だからそれ以上先に進めない雰囲気。みんな彼らを避けるように、きびすを返す。
そんなのぜんぜん気にしないわたし。
ずかずかと誰も近づかないテーブルに腰を下ろす。
昼なのに薄暗い部屋、テナーサックスの調べがなんだか真夜中のさびれたバーのような気分。
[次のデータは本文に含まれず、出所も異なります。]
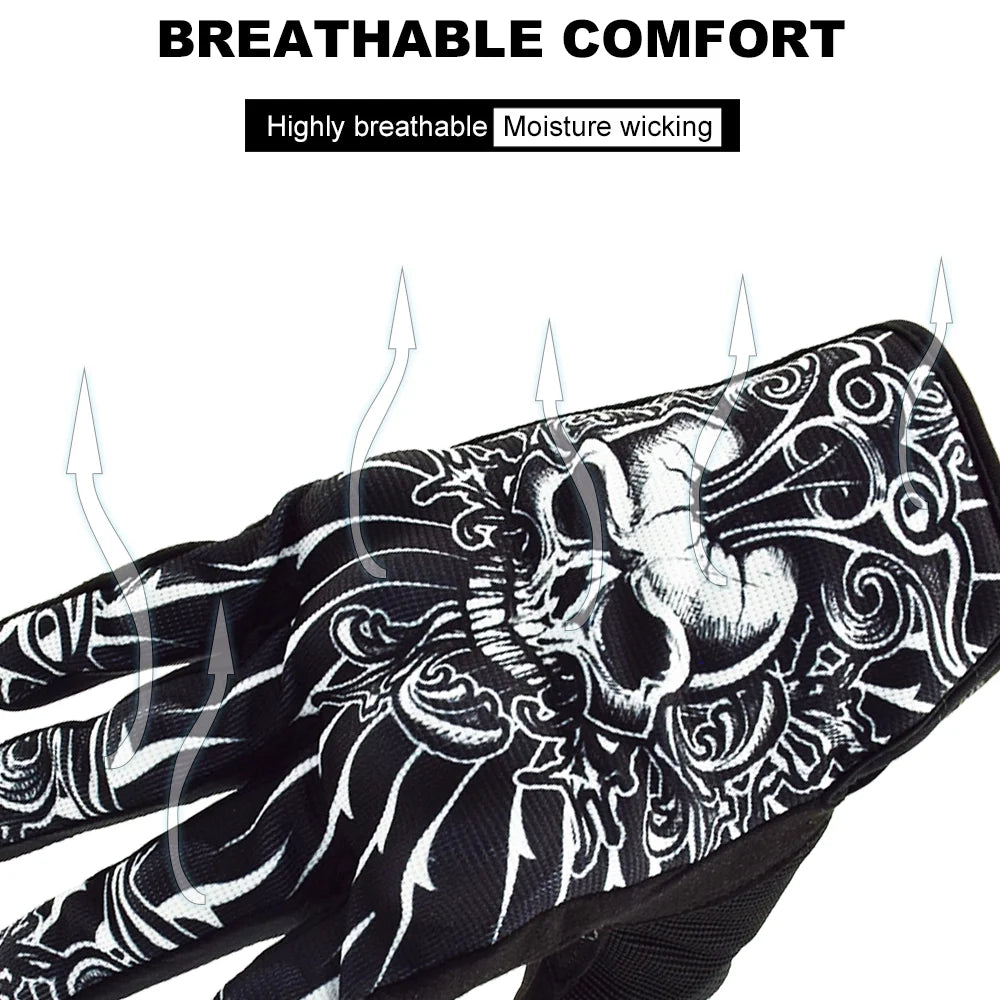 Black Skull Motocross Gloves D920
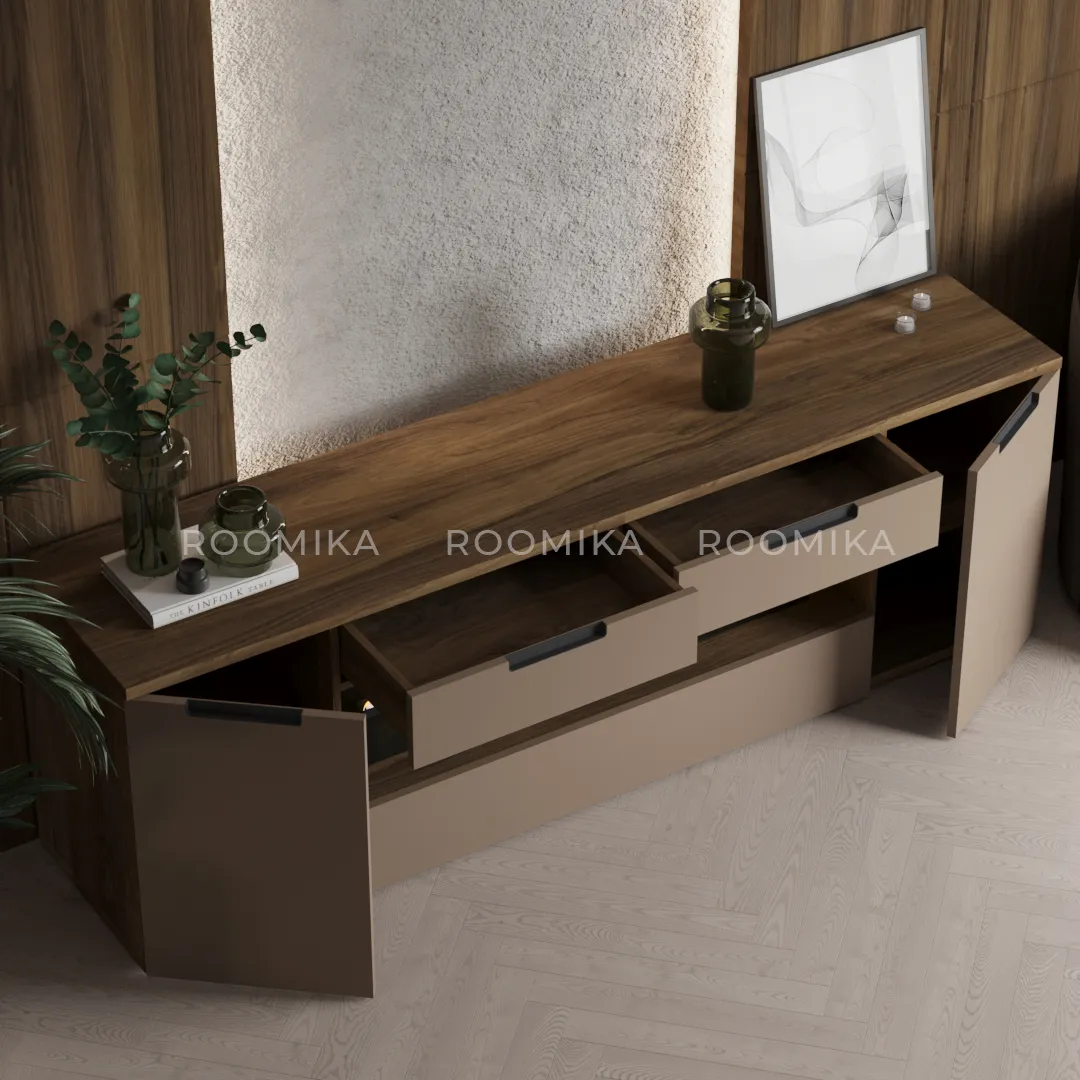 Тумба ТВ навесная с электрокамином, фасады в эмали LE550.450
そんなところに強盗が入ってきて銃を片手に「金だしなっ!」とか叫んで、店員が慌ててレジのお金をガチャガチャやってるところへ、そいつが私を見て「よう、ネエチャン・・・」
なかなかスリリングな展開になりそうだよ
ここほんとにサンマルク?って感じ。
サンドイッチをつまみながら彼らの会話を盗み聞き。
ガラの悪い恰好で寄り添うようにひそひそ話の中身は、どこそこのドーナツがうまいとか、あそこのアップルパイサイコーとかお子ちゃまな会話につい、ほくそ笑む。
急にガバッと向かいの男が目を覚まし飛び起きた。
紺のダッフルコートを着込んだかわいらしい青年だった。
私と目が合ってバツが悪そうにスマホをいじりだした。
彼らが何か注文をしに席を立つといつの間にかランチタイム恒例のピアノライブ演奏が始まり、明るい雰囲気になった。
コーヒーを飲み終えて外に出ると街の賑わいが戻ってきた。
あの空間はなんだか夢を見ているようだった。